I then left for a kibbutz for Latin Americans in the Negev for two years, then to Be’er Sheva, where I was a translator for Irish people in the yarn business. My parents, who were in the schmatta business in Cuba, followed me to Israel. I immigrated to New York in 1961. While there, I ran a fudge and taffy business both in the city and in Cape Cod. Soon after, we married and moved to Atlanta, where my hobby became a profession.

Lidia and Israel Peljovich’s recent projects include the restoration of 500-year-old synagogue doors from Spain.
Israel Peljovich.

 

Jaffe: How do you win the bids on so many Jewish homes’ decor?

Israel: A lot of positive word of mouth keeps us busy. I also have a tight relationship with quality home builders like Zvi Bekerman. We give a fair price, and people know that. By the way, we just did a 14-foot island for a local home.

 

Jaffe: Do you create for projects outside the residential realm?

Israel: We also do commercial jobs, like the Falcons’ on-air commentary desk, Turner’s pavilion at the Atlanta Olympics and even synagogues. Note these restored 500-year-old carved doors from Spain. We have done work for B’nai Torah, Or VeShalom and more recently Ahavath Achim’s meeting rooms. I also designed and crafted the interior of a church in St. Louis here and shipped it to Missouri.

 

Jaffe: What happens in your studio/workshop?

Israel: We are off Peachtree Industrial Boulevard inside 285. I have several master craftsmen, some of whom I trained, working on quality products. We order the raw wood which you see here in oak, maple, zebra, poplar, purple and walnut, and it ends up smooth as glass.

 

Jaffe: Do you ever return to Cuba?

Lidia: We have been several times, but I no longer identify with them. We eat Cuban food, dance the dances and play dominos. It stops there. I am thankful we made it here as true Americans.

Israel: Today, I don’t see that opening trade with Cuba will give much help to the average Cuban. The government takes 51 percent off the top from one’s business. I know someone who owns a jewelry store there. Whatever he sells, more than half the profit goes straight to the government.
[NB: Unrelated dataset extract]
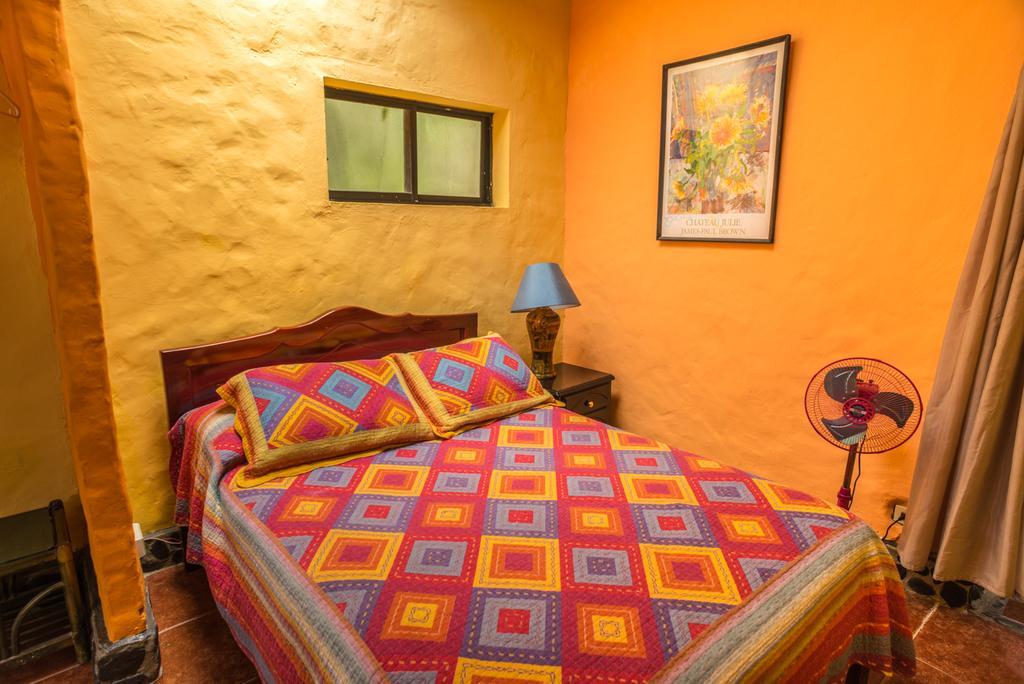 Hotel Casa Madre Tierra Vilcabamba Exterior foto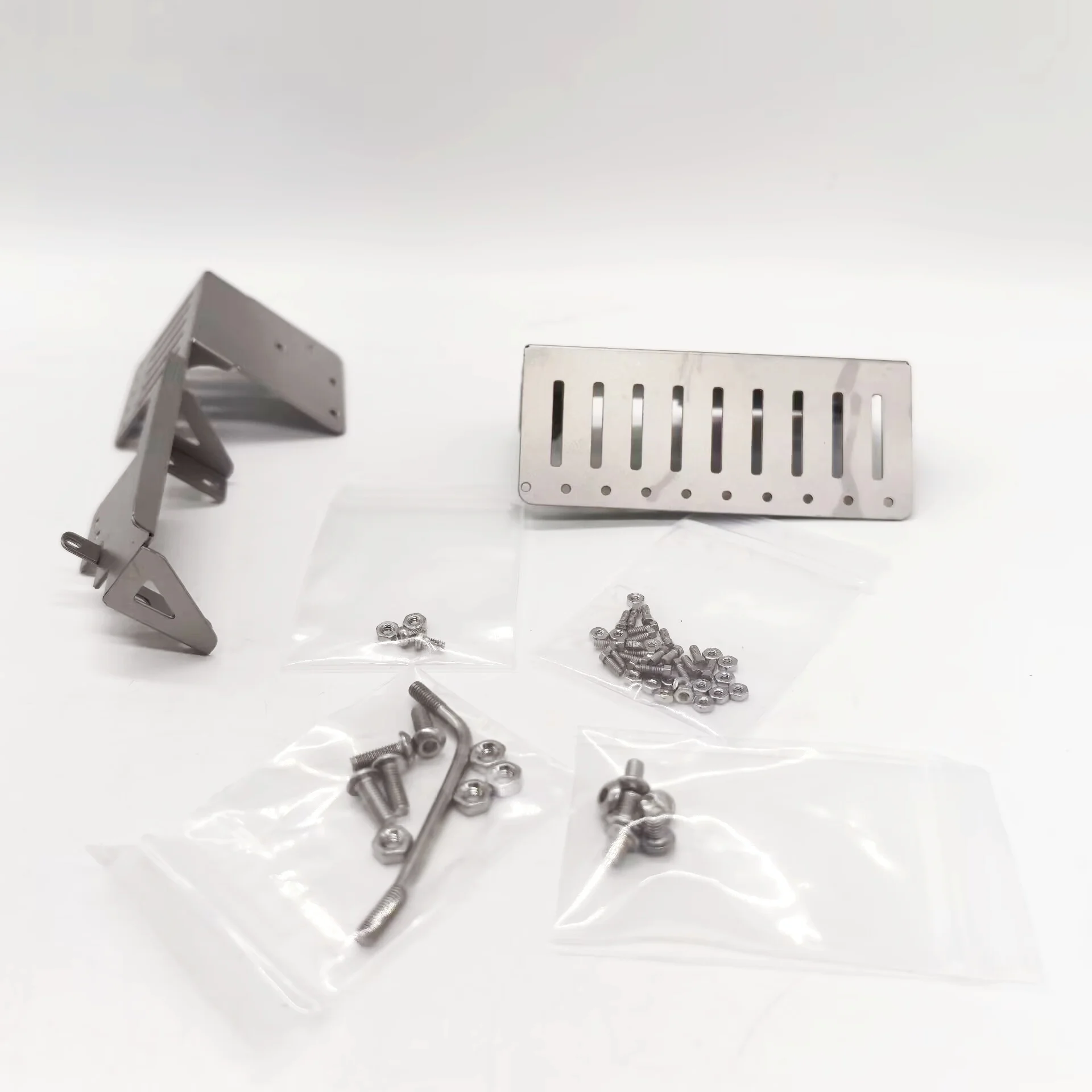 

RC 1/14 Scaleclub Truck Tractor Fender Bracket for Tamiya Truck DIY Model Parts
Lidia and Israel Peljovich’s recent projects include the restoration of 500-year-old synagogue doors from Spain.
Lidia and Israel Peljovich’s recent projects include the restoration of 500-year-old synagogue doors from Spain.

 

Jaffe: What do you do for leisure?

Israel: I treat myself by driving an original steel 1929 Model A Ford, which has been completely restored.

Lidia: We have wonderful children and grandchildren. Interestingly, my sons are both engineers. One designs airports and is based in Baltimore, Md. The other owns a commercial general contracting company.

 

Jaffe: So, Lidia, what’s your role here?

Lidia: I’m the business manager. But more importantly, I keep him in line.